At Tote, the evidence for a link between pressure to maximize profits—which for any company must include cost cutting—and the experience of El Faro’s people becomes, at least circumstantially, important. Jack Hearn, in later testimony, will say he noticed a change in office support when he joined the Puerto Rico run in 2012. Cuts in staff numbers tend to be one of the first tools a company uses to reduce costs, and inadequate staffing was cited by Tote’s HR officer, Melissa Clark, and also by Jack Hearn as causing glitches in ship/office relations. “I felt at the time I could have used additional staff,” Clark will comment in testimony. An audit cited a company reorganization in 2012, under Chiarello’s supervision, as being at least partially to blame for delayed maintenance and poor ship/office communications; a foreman of longshoremen working on Tote vessels in Tacoma around that time says he noticed a definite change in style, from a fairly low-key, paternalistic company that didn’t mind putting money into equipment, to an outfit with a more hard-edged and stingy management persona.

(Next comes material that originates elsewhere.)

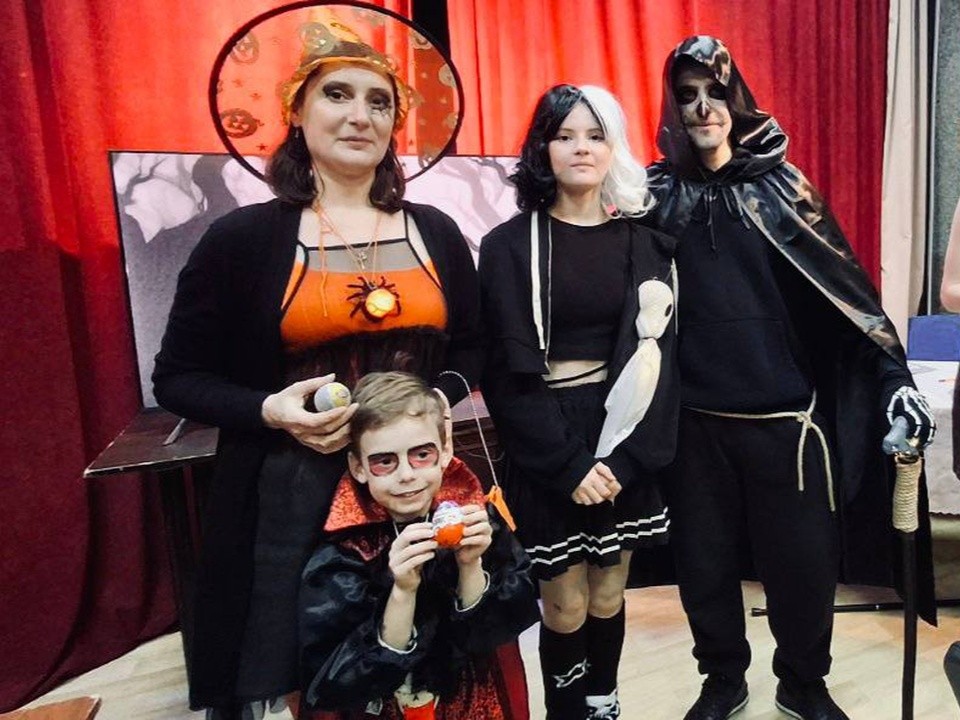 Кошелек или жизнь: готический «Бал вампиров» устроили в Бронницах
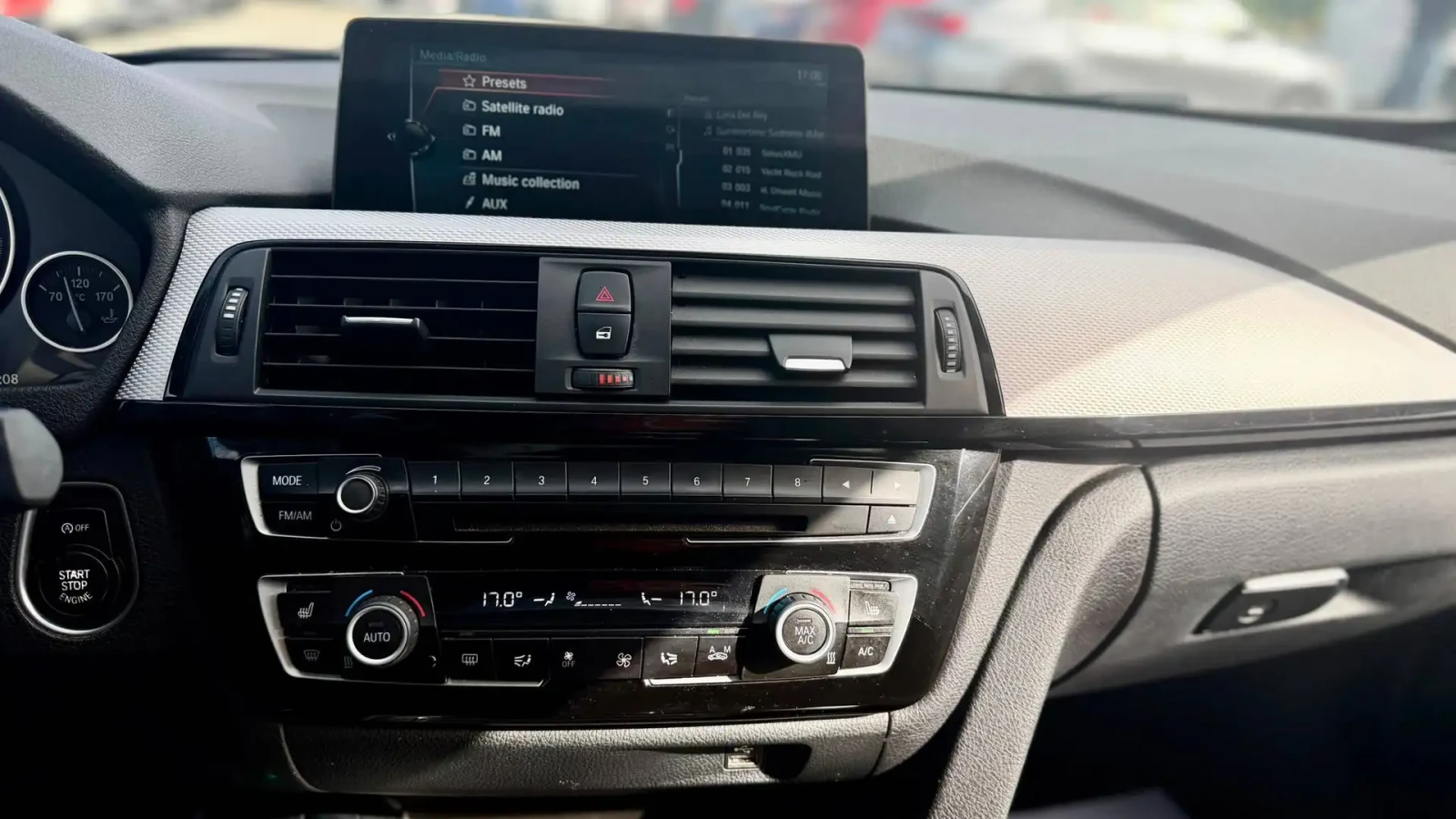 BMW 340 HUD| PANO| HAR/KAR| NAVI| , снимка 14 - Автомобили и джипове - 55800669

In 2013, a reorganization at Tote Services Inc., El Faro’s operator of record, resulted in its marine-operations team being reduced, from a team including ship’s officers tasked with offering real-time advice on offshore operations and weather, to one officer, a person holding no merchant marine license and with little direct experience of seafaring. The company’s president also refused to hire a safety coordinator, whose job apparently would have included tracking ships, although the job was listed in the organizational chart and at least one candidate was interviewed before the hire was prohibited. Later hearings will determine that the safety department overall consists of only two persons, one of them Lawrence, charged with overseeing the safety of twenty-five ships worldwide; 85 percent of their workload, according to evidence presented at the hearings, is devoted to the LNG fleet.
El Faro’s port engineer, Neeson, will testify at the same hearings that he is always working the equivalent of two and a half to three jobs at once. His workload must certainly have been increased last month by Tote’s decision to get rid of the “port mate” who helped out with loading. A former chief engineer on El Faro will state at the hearings that whereas, before the company’s reorganization, he could count on support from multiple Tote officers in Jacksonville, afterward he could turn to only one: the port engineer. This kind of reorganization could certainly have had an impact on safety and overall maintenance, at sea and in port. It is important to reemphasize as well that pressure to keep to schedule and reduce operating costs, coupled with a human resources culture that fosters insecurity among some officers, might lead employees to cut corners in an effort to satisfy company expectations.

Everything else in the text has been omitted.